Tempting, wrong. It reserves a gutter on .rbc-time-content that the header row doesn't have, so the content's day columns sit one scrollbar-width off from the header's — and any full-column paint (e.g. a past-day wash that hits both the header all-day cell and the body column) jogs at that seam, a visible 1px misalignment. rbc already keeps header and content aligned via its own overflow-gutter margin. The opacity hold above is the entire fix; leave the gutter alone.

Header overflow: hidden clips custom JSX

rbc sets overflow: hidden on .rbc-header. A custom stacked header (weekday cap + numeral pill) gets clipped to rbc's intrinsic ~42px row. Fix both: overflow: visible on the header and floor the row (.rbc-time-header-content .rbc-time-header-cell { min-height: 3.5rem }) — rbc's intrinsic sizing ignores your taller child otherwise.
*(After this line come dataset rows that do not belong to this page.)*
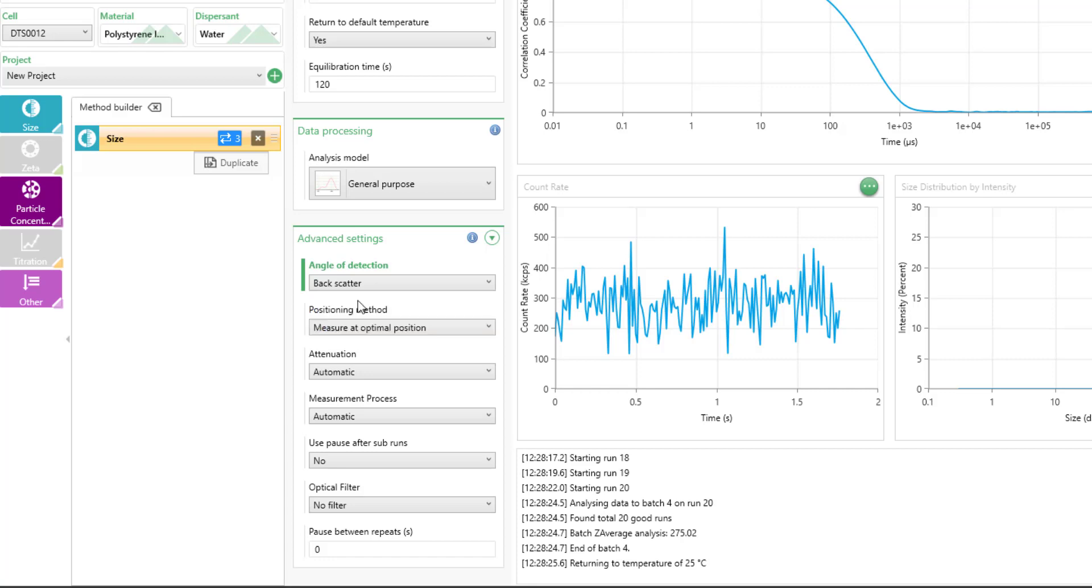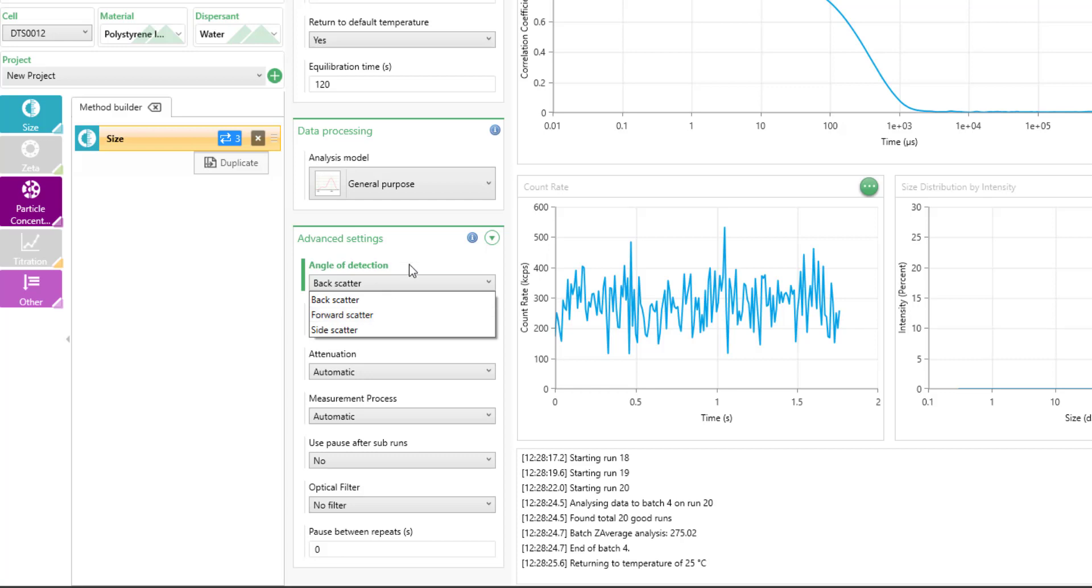Typically, you would use the backscattering angle, which is suitable for a wide variety of different concentrations for your sample. If you are particularly interested in very low levels of very large particles, you may consider using the forward scattering angle, which would be very sensitive to things like aggregation or small populations of large size within your sample.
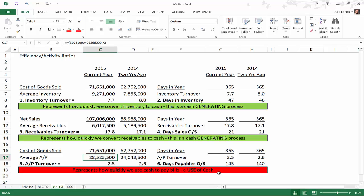What we want to do now is look at the days payables outstanding and turn that 2.6 or 2.5 times a year into a number of days. We take 365 days in a year and divide by the AP turnover rate that we just calculated. So 365 divided by 2.5 is 145 days, and for 2014 it's 140 days. So we're paying out that entire AP balance over 145 days.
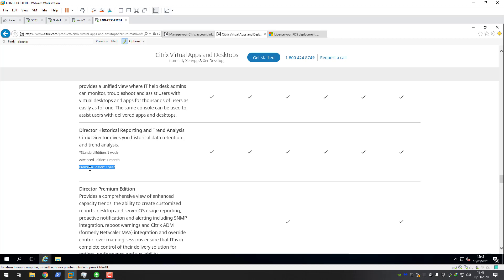There are different licensing models for Citrix with all these editions. You've got concurrent licensing, which is pretty simple to understand: once a user connects to a published app or desktop it creates a session from the device, the concurrent license is checked out to the device, and once the user logs off that license is checked back in and available for the next user.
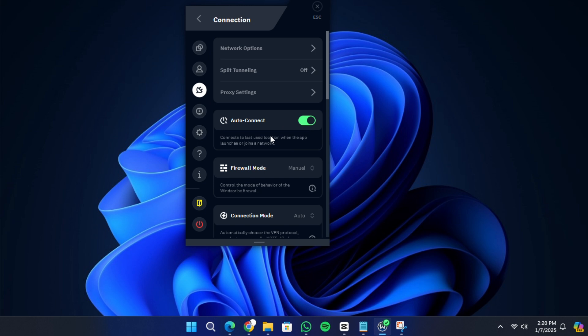To disconnect the VPN, click the power button again. If you need to quit the app or logout, you can do so from the menu in the top right corner of the interface.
In-place updates don't replay CSS animations

rbc swaps the grid contents in place on navigation (no remount), so a CSS keyframe won't re-fire on its own. Re-fire it imperatively:

useLayoutEffect(() => {
  el.style.setProperty("--cal-nav-from", direction === 1 ? "20px" : "-20px");
  el.classList.remove("cal-nav-enter");
  void el.offsetWidth;          // force reflow so the animation restarts
  el.classList.add("cal-nav-enter");
}, [navCount]);

useLayoutEffect, not useEffect — the class must apply before the browser paints the new grid, or it paints once correct then jumps back and replays.
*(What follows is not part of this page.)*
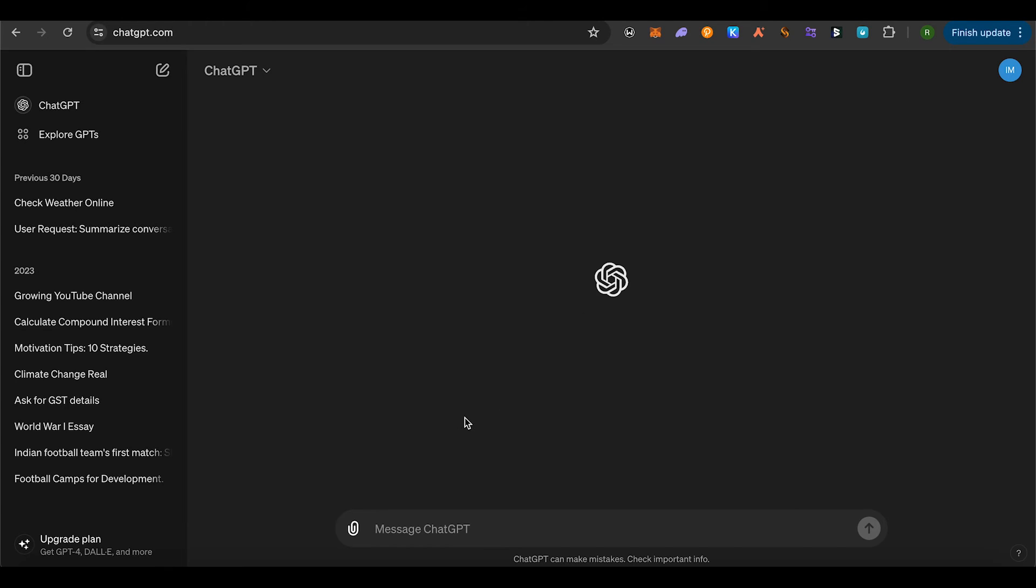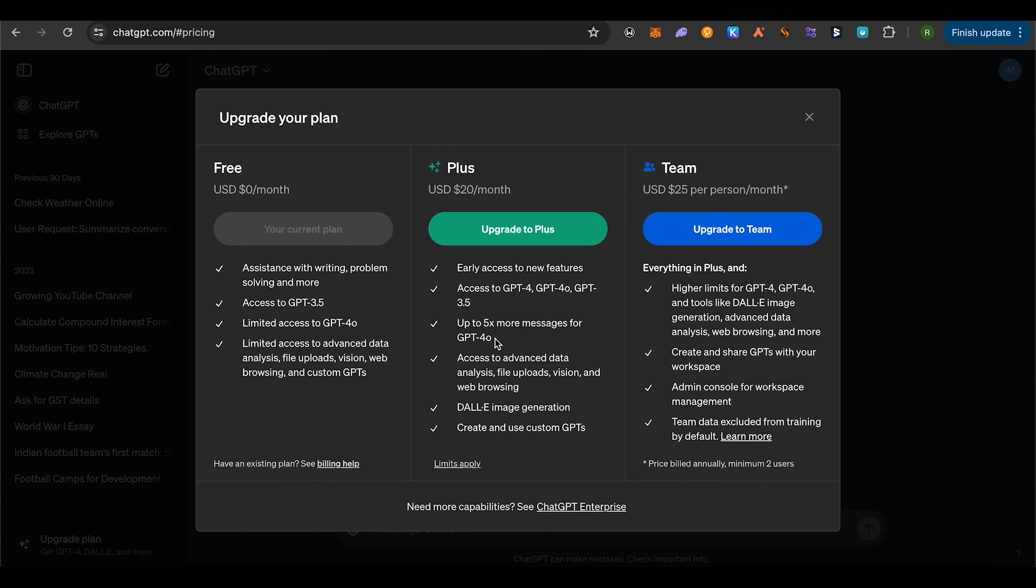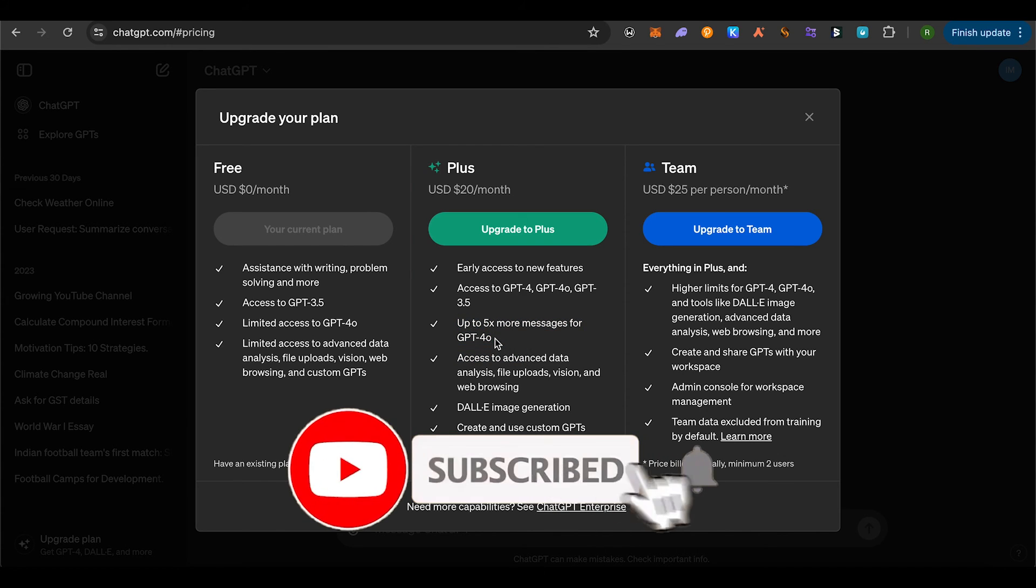Also make sure that you have upgraded your plan on ChatGPT to Plus, and this way you would be able to access GPT 4.0 quite easily. This is how you do it. I hope this video was helpful.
Anchor motion to the data, not the chrome

When sliding on nav, target the rows that changed (.rbc-month-row, .rbc-time-content, .rbc-time-header) and leave the static weekday header (.rbc-month-header) put. The fixed chrome is the reference the eye measures the slide against; sliding it too reads as noise and makes the data look like it starts from the wrong place. (Agenda has none of those nodes — fall back to animating the whole list.)

First-paint flash (the recurring theme)

Any visual applied only by a custom CSS class will flash on SSR'd content: the class loads a tick after the HTML, so the cell/event renders un-decorated then snaps. Mirror the key visual inline via the prop getter (see §3b/§3c) so the SSR HTML is already in the final state.


6. Accessibility

  • eventWrapper injects tabIndex={0}, role (link if the event has a URL, else group), and an aria-label so events are keyboard-reachable and announced.
  • onKeyPressEvent handles Enter/Space to activate (opens the source URL), matching click.
  • Every animation has a @media (prefers-reduced-motion: reduce) path that drops it to none.
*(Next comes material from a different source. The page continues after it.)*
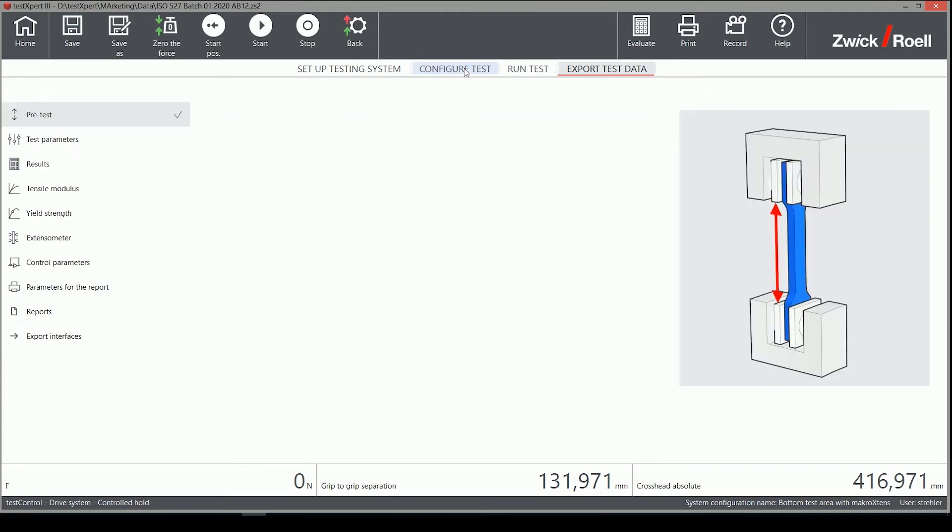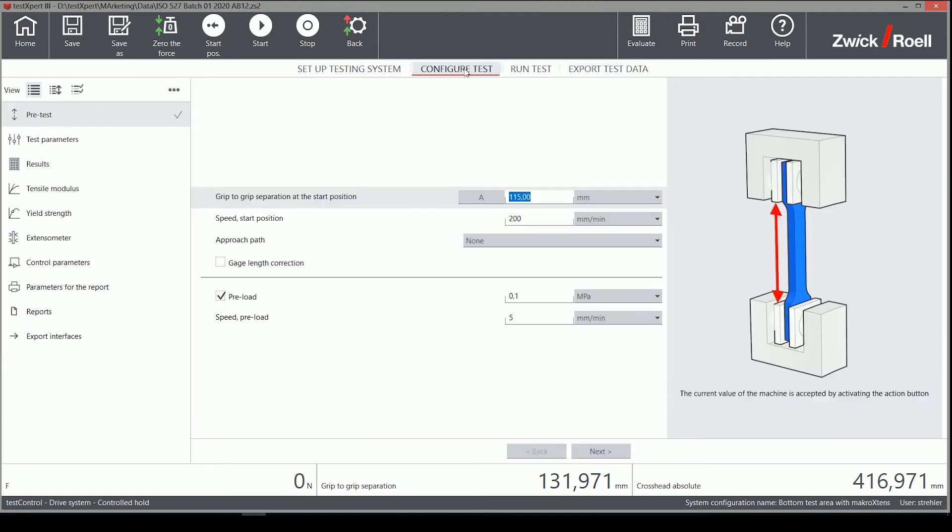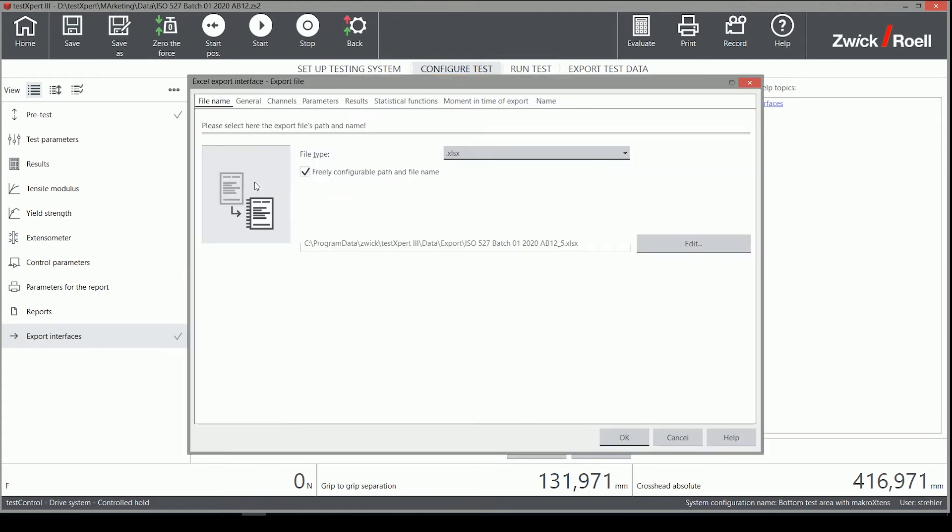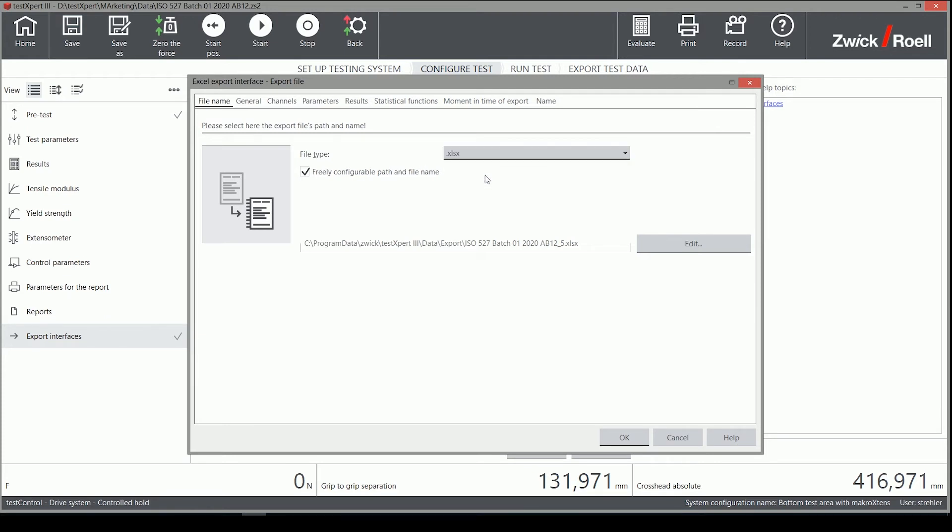Now, I will demonstrate how the Excel export can be customized if you need different data. I select the default Excel export and select the edit function with the right mouse button. On the first tab, we can define the file name and Excel format.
7. Lifting this into another app

Portable as-is (copy, then swap tokens):

  • calendar-custom.css structure + the .rbc-* override rules.
  • The --cat-* custom-property scheme and the .cat-{slug}var(--cat-*) rules (rename slugs to your domain).
  • The eventPropGetter / dayPropGetter className+inline-style pattern.
  • The nav/view transition helpers (.cal-nav-enter, .cal-view-enter + the useLayoutEffect re-fire).
  • The custom toolbar (render your own, toolbar={false}).

App-specific — expect to change:

  • The actual color values / design tokens (here: the navy ramp + the seal-rainbow category tints).
  • The fixed 740px calendar height and the skeleton geometry that mirrors it (loading-stability doc).
  • Week config (dow/doy) and localizer (we use moment; date-fns/luxon localizers exist).
  • The category slug set and EVENT_CATEGORY_COLORS.

Gotchas that travel with the library (re-read §5 in any new integration): the rAF gutter measurement, the scrollbar-gutter trap, header overflow: hidden, in-place updates not replaying animations, and the SSR first-paint flash. None are app-specific — they're how rbc works.